Benim payıma bugün bol kahkaha ve sahnede bir ustayı seyretmenin hayranlığı düştü. Tam da ihtiyacımız olduğu bu zorlu zamanda.
Yeşilçam filmlerinde, sonra ise dizilerde izlediğimiz Erdal Özyağcılar sahnede de ne kadar dev bir oyuncuymuş görmüş olduk.
Donald Churchill’in yazdığı, Füsun Günersel’in çevirdiği oyunu Arif Akkaya sahneye koydu. Oyunda Erdal Özyağcılar, Berna Laçin ve Gözde Çetiner rol alıyor.
Walter, hayatı boyunca aktör olma hayalleri kurarken para kazanmak adına boyacılığa başlar. Bir gün bir evi boyarken, birden Marcia ile karşılaşır, üzerine kapı çalınır; gelen kocası tarafından aldatılan Jane’dir.
Oyun aslında günlük hayatın içinde yaşanan ve ters giden olaylar üzerine kurulu. Üç ana karakter var. Bu üç karakterin hayatlarına tanık oluyoruz. Boyacı, boya yaparak hayatını geçindiren, karısından ayrılmış bir adam. Zengin kadın ise genç, güzel ve sınıf atlamak için kendinden 20 yaş büyük bir adamla evlenmiş Marcia. Bir de küçük bir dükkânı olan Jane. Onun da talihsiz bir evliliği var, aşk evliliği yapmış ama kocası bunu sürekli aldatıyor. Jane de kocasının kendisini aldattığı kadınları takip ederek intikam almaya çalışıyor. Kendi içlerinde dramları olan üç insanın birleşmesini anlatıyor oyun aslında.
Oyun yazarı Donald Churchill, aynı zamanda bir senarist. Dizi ve filmler yazıyor. Bu yüzden oyunda da hep şimdi ne olacak diye bekliyoruz. Arkası birazdan sahnede misali.
Oyunun daha yarısında Jane, Marcia’nın evine geliyor, “Sen benim dün akşam kocamla beraberdin, ben de gidip senin kocana onu aldattığını söyleyeceğim” demesi, oyun herhalde tek perde ve kısa dedirtiyor biz seyircilere.
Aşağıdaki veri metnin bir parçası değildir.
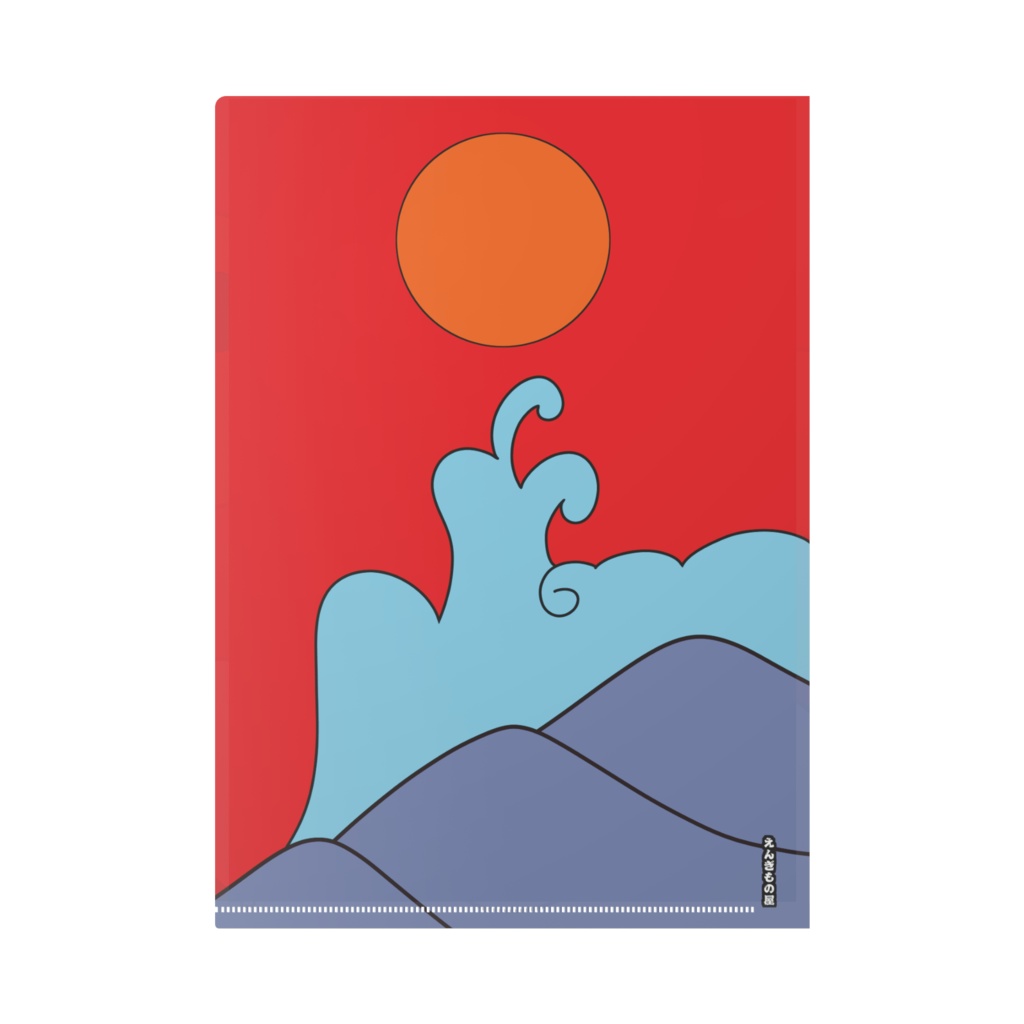 天外魔境2 カブキ団十郎風クリアファイル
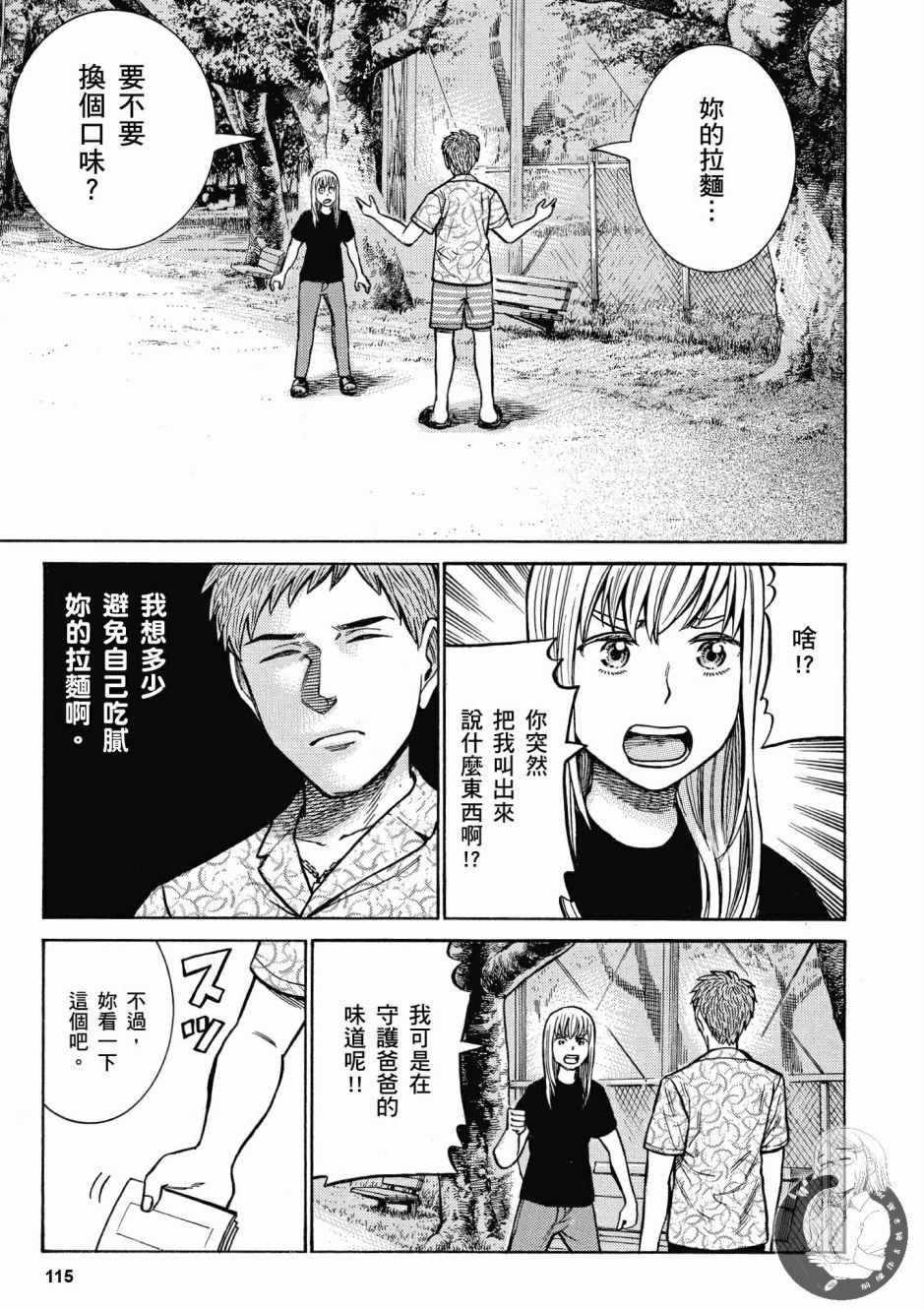 第114页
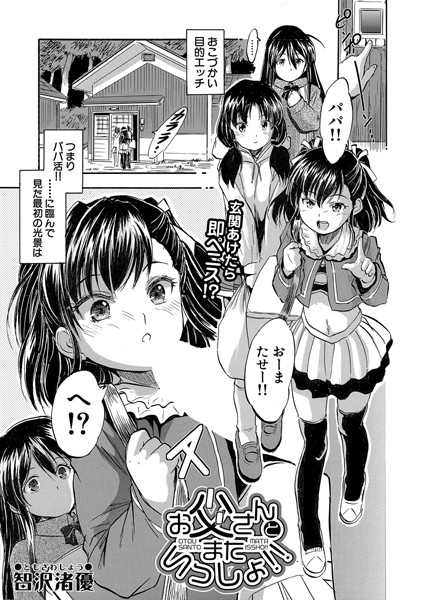 お父さんとまたいっしょ！！ （智沢渚優）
Çünkü bundan sonra kocası gelir, olay biter hissine kapılıyoruz.
Ama…
Bu arada Boyacı ne yapıyor? Hepsinden uyanık olan Boyacı, olup biten her şeyi duyuyor ve sonra olanlar oluyor. Oyunun nasıl ilerlediğini tabii ki anlatmayacağım. Çünkü sonrası gerçekten hiç beklenmedik sürprizlerle dolu. Oyunda Marcia’yı canlandıran Berna Laçin’in doğal ve samimi oyunculuğu dikkat çekici ve çok ama çok başarılı.
Özyağcılar, oyun için de oyun sergilediği performansıyla hep sahnede olsun dedirtiyor bize.
Oyunun dekoru bir evin salonu. Kapı içinde kapılar. Dekor son derece sade ve oyunun trafiğine uygun, yani kısacası başarılı bir tasarım.